Saturday, March 25, 2017

AMDGPU-Pro 16.60 on Ubuntu kernel 4.10.5 with ROCM-smi


Although AMDGPU-Pro 16.40 with kernel 4.8 has been working fine for me, I decided to try 16.60 with kernel 4.10.  After my problems with 16.60 on 4.8, I read a few reports claiming it works well with kernel 4.10.

I started with a fresh Ubuntu desktop 16.04.2 install, and then installed 4.10.5 from the Ubuntu ppa.  Although the process is not very complicated, I wrote a small script which downloads the files and installs them.  After rebooting, I downloaded and installed the AMDGPU-Pro 16.60 drivers according to the instructions.  Finally, I installed ROC-smi, a utility which simplifies clock control using the sysfs interface.  To test the install, run "rocm-smi -a" which will show all info for any amdgpu cards installed.

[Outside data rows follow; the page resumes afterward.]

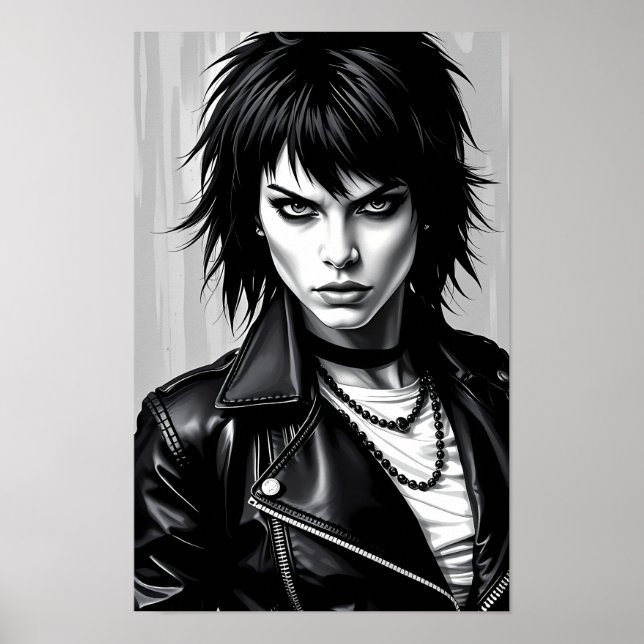 Monokrom rebel glam rock andaaffisch poster (Framsidan)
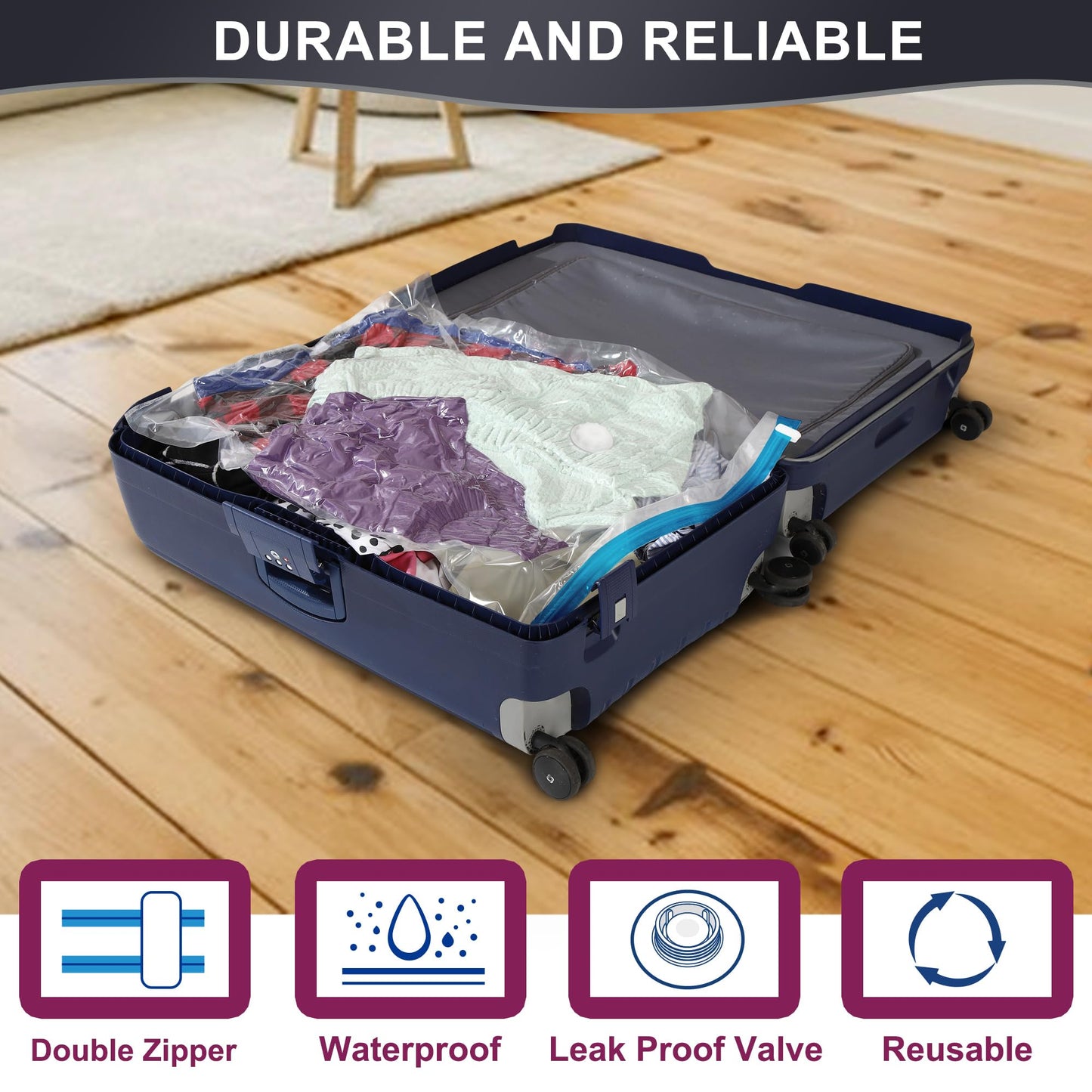 Oumaru Vacuum Storage Bags for Clothes, Vacuum Bags, Space Saver Bags for Clothes, Duvets and Pillows, Hand Pump Included, Pack of 10, Medium Size
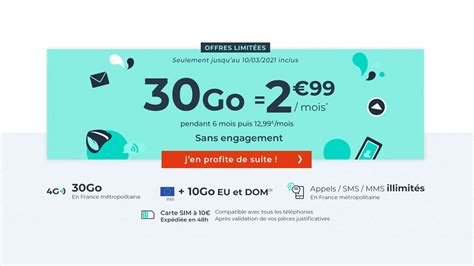 Forfait mobile Nouvelle offre Cdiscount Mobile 30 Go à saisir à 299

Unfortunately, the new drivers no longer work with my ethminer fork, but sgminer-gm 5.5.5 works as was well as it did with 4.8/16.40.  On GCN3 and newer cards like Tonga and Polaris, the optimal core clock for mining ETH is often between 55% and 56% of the memory clock.  On my Sapphire Rx470 I have the memory overclocked to 2100Mhz, so dpm 6 at 1169Mhz is a perfect fit:
./rocm-smi -d 0 --setsclk 6

Once sgminer was running for a couple minutes, the speed settled at about 29.1Mh/s.  Note that the clock setting is only temporary for the next opencl program to run.  Just run the rocm-smi command each time.

Update 2017-04-08

 4.10.9 was uploaded to the Ubuntu ppa today, so I would recommend it instead of 4.10.5.

Tuesday, March 14, 2017

Riser Recycling


If you build multi-GPU servers, you'll likely encounter flaky or bad risers.  I've had a bad riser where I could see a burned trace on the PCB, and I've had flaky risers that appeared to be caused by poor soldering of the ribbon cable.  While the problem risers may not work with a GPU, chances are the power connectors are still good.  The riser shown above has a 6-pin PCI-e and a 4-pin molex connector, both of which I tested for continuity with a multi-meter.  With some fresh flux I was able to desolder the ribbon cable, so I could re-use the riser as a PCI-e to molex power adapter.  If you are wondering what I would use it for, look at the photo below.

Heat has caused the yellow 12V line to turn brown.  The cable was plugged into the motherboard's supplemental PCI-e power which is used when more than two GPUs are plugged in.  Each GPU will usually draw between 50 and 75 watts over the PCI-e bus, which is pushing the 18AWG (or even 20AWG on some power supplies) cable well beyond it's recommended rating.  By plugging the next molex connector in the chain into the riser, and by providing power to the 6-pin connector on the same riser, current will flow into the motherboard molex connector from both directions.

With the current through the brown wire cut in half, the power dissipated (and therefore the heat generated) is reduced by 75%, since P = I^2 * R.

Supplemental mod

Bitcointalk user BChydro questioned the current-carrying ability of the riser PCB, which turns out to be rather poor for the 12V trace.  The solder mask over the 12V trace was starting to turn brown after only a couple days of use, and a thermal image shows the trace getting hot.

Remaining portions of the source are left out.